(Stored records)
■ ■ ■ ■

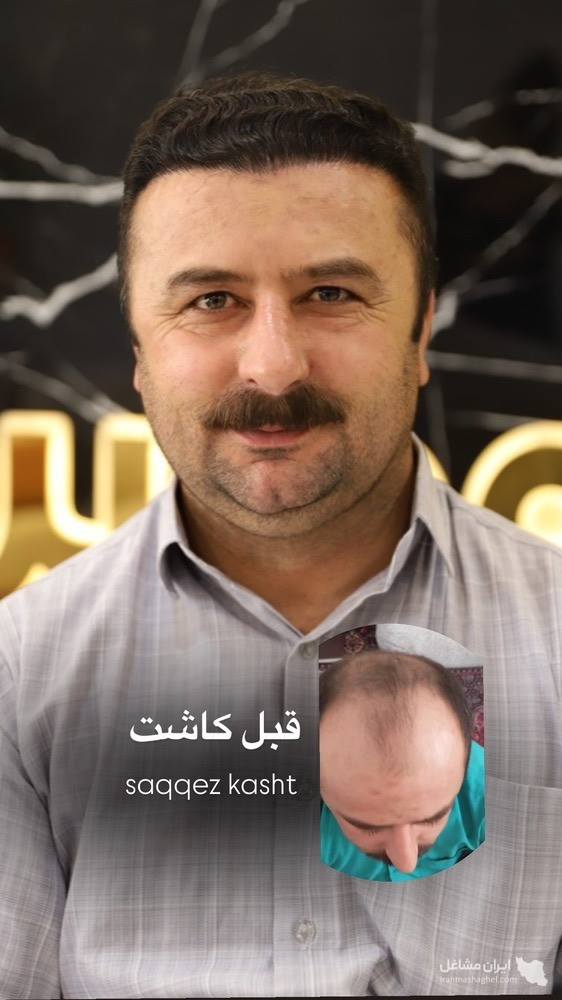 کلینیک کاشت مو و ابرو سقز کاشت در سقز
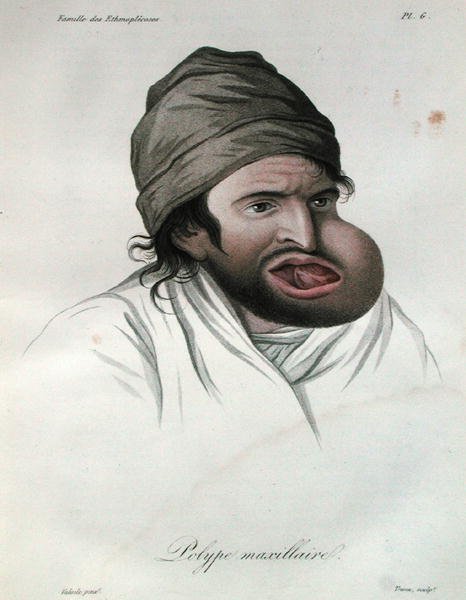 Polip szczękowy, z książki barona Jean Louis Alibert (1768-1837) 1817 (rycina kolorowana) autorstwa French School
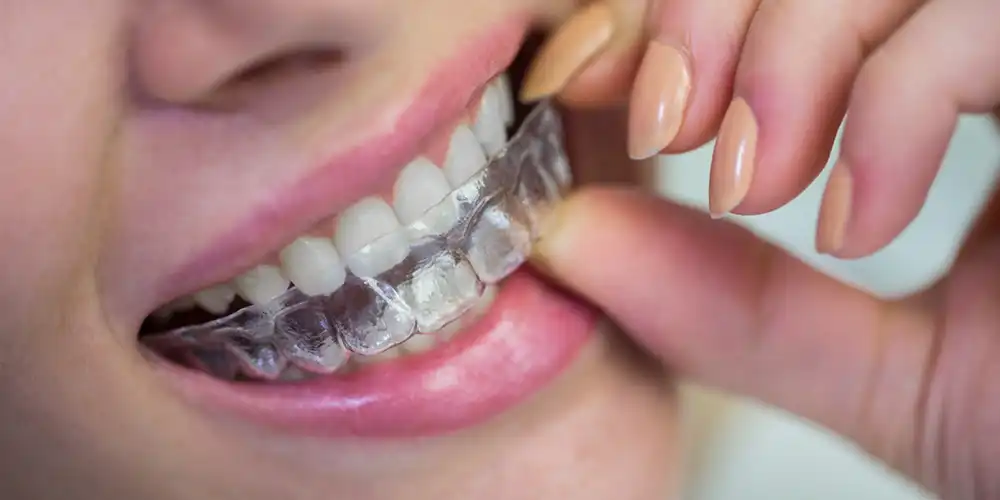 Clear Aligners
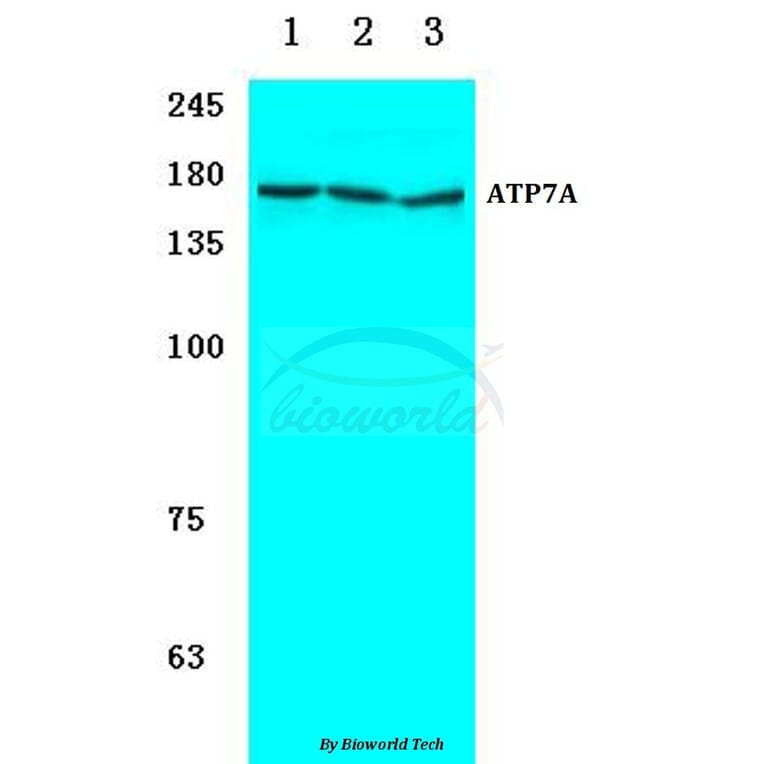 Anti-ATP7A (H640) Antibody from Bioworld Technology (BS3695) - Antibodies.com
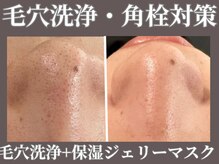 マヴィ 藤井寺店(MavY.)/毛穴黒ずみ角栓に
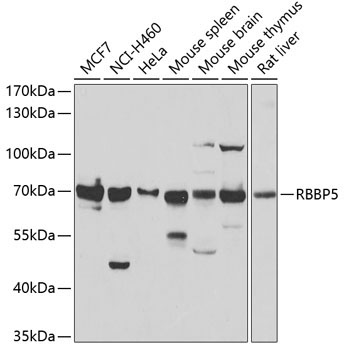 RBBP5 Rabbit Polyclonal Antibody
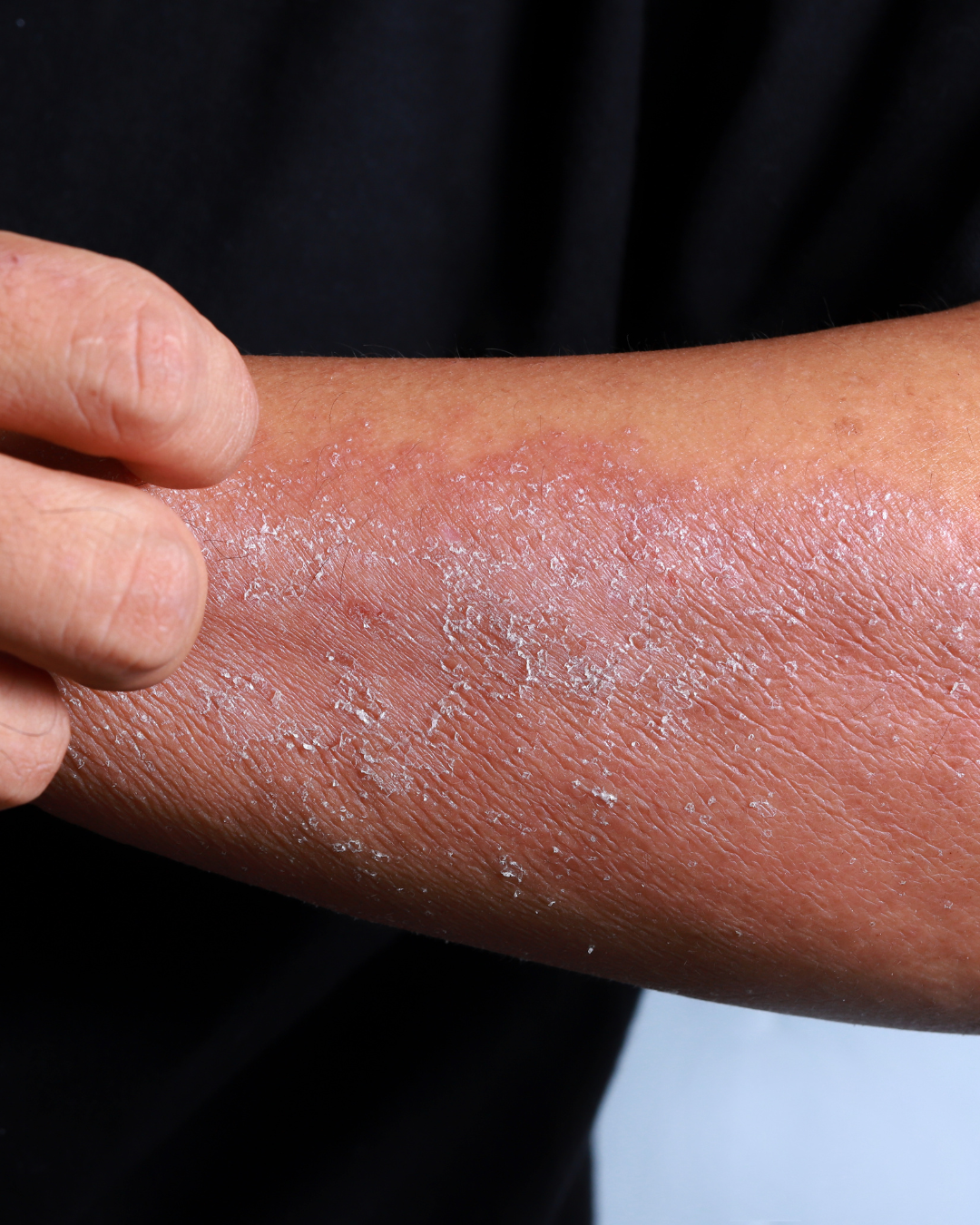 A close up of a man's arm, affected by inflammatory skin disease.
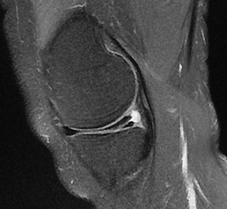 Torn Medial Meniscus. CKC MRI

■ ■ ■ ■

### Aim of the task
Return the entries above exactly and in full; do not include images.

### Written answer
 کلینیک کاشت مو و ابرو سقز کاشت در سقز
 Polip szczękowy, z książki barona Jean Louis Alibert (1768-1837) 1817 (rycina kolorowana) autorstwa French School
 Clear Aligners
 Anti-ATP7A (H640) Antibody from Bioworld Technology (BS3695) - Antibodies.com
 マヴィ 藤井寺店(MavY.)/毛穴黒ずみ角栓に
 RBBP5 Rabbit Polyclonal Antibody
 A close up of a man's arm, affected by inflammatory skin disease.
 Torn Medial Meniscus. CKC MRI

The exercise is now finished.